Over the past two years, I and Miles Richardson have been building something in line with this philosophy.
Splitgraph is a data management tool and a sharing platform that is inspired by Docker and Git. It currently is based on PostgreSQL and allows users to create, share and extend SQL schema images. In particular:
- It supports basic git-like operations, including
pulletc to produce and inspect new commits to a database. Whilst an image is checked out into a schema, it's no different from a set of ordinary PostgreSQL tables: any other tool that speaks SQL can interact with it, with changes captured and then packaged up into new images.
- It uses a Dockerfile-like format for defining images, called Splitfiles. Much like Dockerfiles, it uses command-based image hashing so that if the execution results in an image that already exists, the image will be checked out instead of being recreated. Furthermore, the Splitfile executor does provenance tracking so that any image created by it has its dependencies recorded and can be updated when the dependencies update.

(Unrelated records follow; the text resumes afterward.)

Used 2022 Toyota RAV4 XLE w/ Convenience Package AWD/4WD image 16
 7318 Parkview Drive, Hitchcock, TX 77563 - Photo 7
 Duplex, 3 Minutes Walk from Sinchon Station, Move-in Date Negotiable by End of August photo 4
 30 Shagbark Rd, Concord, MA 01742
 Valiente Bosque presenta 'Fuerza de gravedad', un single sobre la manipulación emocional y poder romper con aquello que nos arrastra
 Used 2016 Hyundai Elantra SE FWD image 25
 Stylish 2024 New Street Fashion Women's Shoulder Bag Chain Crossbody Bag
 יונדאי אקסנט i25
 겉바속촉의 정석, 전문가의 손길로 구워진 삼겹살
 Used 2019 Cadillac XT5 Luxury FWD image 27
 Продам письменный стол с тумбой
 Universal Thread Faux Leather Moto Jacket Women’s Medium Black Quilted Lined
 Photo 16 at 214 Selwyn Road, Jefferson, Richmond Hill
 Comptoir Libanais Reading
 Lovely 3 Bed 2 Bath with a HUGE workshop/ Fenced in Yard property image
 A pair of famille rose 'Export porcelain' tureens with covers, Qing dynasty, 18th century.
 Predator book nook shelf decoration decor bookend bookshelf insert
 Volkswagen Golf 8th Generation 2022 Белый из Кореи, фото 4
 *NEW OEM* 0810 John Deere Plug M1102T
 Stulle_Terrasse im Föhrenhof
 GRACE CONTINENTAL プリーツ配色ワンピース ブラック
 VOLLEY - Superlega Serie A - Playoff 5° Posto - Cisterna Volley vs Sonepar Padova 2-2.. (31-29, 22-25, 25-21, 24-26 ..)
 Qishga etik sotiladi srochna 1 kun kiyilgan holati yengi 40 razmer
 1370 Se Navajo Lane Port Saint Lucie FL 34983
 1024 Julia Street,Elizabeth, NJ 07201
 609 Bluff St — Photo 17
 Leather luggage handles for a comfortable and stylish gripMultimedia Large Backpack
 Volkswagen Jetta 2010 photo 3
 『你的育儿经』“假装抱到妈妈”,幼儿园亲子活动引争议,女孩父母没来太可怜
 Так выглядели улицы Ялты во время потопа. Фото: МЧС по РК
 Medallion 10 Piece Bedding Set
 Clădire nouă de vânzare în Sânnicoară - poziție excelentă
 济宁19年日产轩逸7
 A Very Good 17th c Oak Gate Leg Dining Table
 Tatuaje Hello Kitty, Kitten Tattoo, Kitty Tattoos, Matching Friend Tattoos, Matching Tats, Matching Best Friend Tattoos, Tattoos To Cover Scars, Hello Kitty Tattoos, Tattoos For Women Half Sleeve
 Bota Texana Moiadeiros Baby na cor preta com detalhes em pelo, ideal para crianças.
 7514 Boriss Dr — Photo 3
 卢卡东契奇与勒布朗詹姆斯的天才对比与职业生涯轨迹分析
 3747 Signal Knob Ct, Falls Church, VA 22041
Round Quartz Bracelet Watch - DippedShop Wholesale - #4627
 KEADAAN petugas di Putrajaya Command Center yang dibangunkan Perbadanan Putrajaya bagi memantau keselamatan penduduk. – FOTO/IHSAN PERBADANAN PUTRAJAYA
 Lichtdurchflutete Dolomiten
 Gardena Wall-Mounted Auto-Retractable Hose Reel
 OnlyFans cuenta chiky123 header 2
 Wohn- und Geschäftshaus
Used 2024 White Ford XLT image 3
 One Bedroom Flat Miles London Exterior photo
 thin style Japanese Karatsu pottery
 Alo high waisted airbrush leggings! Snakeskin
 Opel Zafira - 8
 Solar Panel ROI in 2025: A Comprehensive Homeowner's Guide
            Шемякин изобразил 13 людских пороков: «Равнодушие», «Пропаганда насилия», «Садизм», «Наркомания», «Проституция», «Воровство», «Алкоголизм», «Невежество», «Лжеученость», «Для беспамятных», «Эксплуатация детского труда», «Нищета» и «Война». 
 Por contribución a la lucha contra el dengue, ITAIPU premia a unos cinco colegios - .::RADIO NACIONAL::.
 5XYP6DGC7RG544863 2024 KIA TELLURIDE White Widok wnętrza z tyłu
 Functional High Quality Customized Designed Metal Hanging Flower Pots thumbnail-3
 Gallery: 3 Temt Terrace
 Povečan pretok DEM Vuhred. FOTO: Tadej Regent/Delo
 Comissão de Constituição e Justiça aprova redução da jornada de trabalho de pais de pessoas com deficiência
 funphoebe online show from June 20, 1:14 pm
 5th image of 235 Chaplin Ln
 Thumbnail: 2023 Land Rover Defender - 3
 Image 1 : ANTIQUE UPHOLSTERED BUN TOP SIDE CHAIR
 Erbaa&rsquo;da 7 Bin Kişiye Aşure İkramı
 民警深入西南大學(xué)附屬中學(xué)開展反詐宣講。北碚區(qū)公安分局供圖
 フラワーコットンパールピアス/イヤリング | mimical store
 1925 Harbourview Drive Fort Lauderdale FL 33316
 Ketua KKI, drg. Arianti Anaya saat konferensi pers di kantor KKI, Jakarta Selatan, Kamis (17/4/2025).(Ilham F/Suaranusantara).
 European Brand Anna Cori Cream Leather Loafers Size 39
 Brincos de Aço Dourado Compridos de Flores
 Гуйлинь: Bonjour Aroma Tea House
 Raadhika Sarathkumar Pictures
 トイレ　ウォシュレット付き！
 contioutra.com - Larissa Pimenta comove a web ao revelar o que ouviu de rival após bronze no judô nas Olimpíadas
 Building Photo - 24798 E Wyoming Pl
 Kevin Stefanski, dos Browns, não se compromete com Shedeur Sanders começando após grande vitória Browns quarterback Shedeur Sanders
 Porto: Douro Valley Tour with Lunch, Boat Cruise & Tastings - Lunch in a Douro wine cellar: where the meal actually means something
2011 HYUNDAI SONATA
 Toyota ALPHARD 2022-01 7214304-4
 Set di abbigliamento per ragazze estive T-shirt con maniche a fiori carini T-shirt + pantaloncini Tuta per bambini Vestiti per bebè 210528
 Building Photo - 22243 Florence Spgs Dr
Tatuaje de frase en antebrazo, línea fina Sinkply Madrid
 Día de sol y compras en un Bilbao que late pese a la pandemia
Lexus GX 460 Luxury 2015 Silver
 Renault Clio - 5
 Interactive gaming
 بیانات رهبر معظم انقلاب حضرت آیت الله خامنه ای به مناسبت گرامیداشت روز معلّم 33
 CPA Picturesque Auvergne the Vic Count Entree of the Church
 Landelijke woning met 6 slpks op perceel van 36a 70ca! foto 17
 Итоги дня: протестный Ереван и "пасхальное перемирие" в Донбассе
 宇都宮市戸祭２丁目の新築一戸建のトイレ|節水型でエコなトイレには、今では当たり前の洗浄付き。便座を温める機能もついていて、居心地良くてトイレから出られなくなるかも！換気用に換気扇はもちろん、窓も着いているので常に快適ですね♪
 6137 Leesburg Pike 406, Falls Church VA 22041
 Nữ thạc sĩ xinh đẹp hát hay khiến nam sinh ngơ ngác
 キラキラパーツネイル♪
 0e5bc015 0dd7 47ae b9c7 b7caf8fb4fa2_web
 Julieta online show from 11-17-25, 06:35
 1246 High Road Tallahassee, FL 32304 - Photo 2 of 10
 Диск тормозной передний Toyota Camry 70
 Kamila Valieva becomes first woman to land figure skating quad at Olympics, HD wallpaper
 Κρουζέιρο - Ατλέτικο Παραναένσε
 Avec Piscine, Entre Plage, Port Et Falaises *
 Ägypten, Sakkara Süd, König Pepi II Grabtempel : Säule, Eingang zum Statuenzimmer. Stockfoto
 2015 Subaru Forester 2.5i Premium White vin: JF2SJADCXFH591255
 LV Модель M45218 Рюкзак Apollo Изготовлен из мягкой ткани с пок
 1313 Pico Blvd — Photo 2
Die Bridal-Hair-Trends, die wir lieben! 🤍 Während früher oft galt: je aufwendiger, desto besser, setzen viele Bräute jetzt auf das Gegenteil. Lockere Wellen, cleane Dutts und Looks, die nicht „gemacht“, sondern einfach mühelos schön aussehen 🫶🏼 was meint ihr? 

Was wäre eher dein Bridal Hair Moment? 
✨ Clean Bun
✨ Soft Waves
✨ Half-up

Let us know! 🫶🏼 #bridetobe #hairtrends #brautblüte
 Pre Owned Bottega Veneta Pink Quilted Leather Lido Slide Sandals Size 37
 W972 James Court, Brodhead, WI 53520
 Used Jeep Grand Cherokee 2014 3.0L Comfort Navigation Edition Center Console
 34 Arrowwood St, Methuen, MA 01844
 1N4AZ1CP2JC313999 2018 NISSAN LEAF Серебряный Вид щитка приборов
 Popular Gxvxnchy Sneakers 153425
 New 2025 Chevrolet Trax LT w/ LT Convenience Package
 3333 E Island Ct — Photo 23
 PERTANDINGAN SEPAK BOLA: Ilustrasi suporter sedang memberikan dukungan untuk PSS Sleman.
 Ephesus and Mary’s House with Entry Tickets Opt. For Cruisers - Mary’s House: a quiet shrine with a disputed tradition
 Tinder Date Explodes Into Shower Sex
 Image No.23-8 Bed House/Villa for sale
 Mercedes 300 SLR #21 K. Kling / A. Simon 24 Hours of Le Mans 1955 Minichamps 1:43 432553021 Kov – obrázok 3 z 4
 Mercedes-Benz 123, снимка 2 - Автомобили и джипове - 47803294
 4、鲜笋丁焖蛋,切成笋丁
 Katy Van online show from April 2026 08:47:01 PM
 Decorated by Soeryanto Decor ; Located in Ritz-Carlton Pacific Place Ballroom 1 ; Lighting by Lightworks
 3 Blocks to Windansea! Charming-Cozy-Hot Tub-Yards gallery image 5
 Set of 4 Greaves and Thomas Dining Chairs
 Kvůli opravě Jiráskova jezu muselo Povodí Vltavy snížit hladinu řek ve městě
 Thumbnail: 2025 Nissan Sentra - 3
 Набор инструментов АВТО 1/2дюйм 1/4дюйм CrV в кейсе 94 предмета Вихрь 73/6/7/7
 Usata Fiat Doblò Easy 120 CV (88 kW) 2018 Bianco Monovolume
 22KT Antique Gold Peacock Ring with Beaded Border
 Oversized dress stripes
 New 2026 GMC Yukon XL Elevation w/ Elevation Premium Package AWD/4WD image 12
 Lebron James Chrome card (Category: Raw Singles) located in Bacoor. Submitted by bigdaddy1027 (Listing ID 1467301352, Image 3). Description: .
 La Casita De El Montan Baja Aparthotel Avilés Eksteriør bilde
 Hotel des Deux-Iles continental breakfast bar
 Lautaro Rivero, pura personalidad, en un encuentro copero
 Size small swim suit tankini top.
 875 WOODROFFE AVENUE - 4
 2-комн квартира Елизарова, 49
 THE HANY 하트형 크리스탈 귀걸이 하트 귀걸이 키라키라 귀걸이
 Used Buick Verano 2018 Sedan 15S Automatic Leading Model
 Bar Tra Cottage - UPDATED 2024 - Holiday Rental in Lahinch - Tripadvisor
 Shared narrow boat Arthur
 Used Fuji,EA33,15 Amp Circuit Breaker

- Data ingestion is done by either writing to the checked-out image (since it's just another PostgreSQL schema) or using Postgres Foreign Data Wrappers that allow to mount any database (currently we include the open-source PostgreSQL, MySQL and MongoDB FDWs in our engine as well as an FDW for the Socrata Open Data platform) as a set of local SQL tables.
- There's more exciting features designed to improve data ingestion, storage, research, transformation and [https://www.splitgraph.com/product/data-lifecycle/sharing].
We have already done a couple of talks about Splitgraph: a short one at a local Docker meetup in Cambridge (slides) talking about parallels between Docker and Splitgraph and a longer one at a quantitative hedge fund AHL (slides) discussing the philosophy and the implementation of Splitgraph in-depth. A lot has changed since then but it still is a good introduction to our philosophy.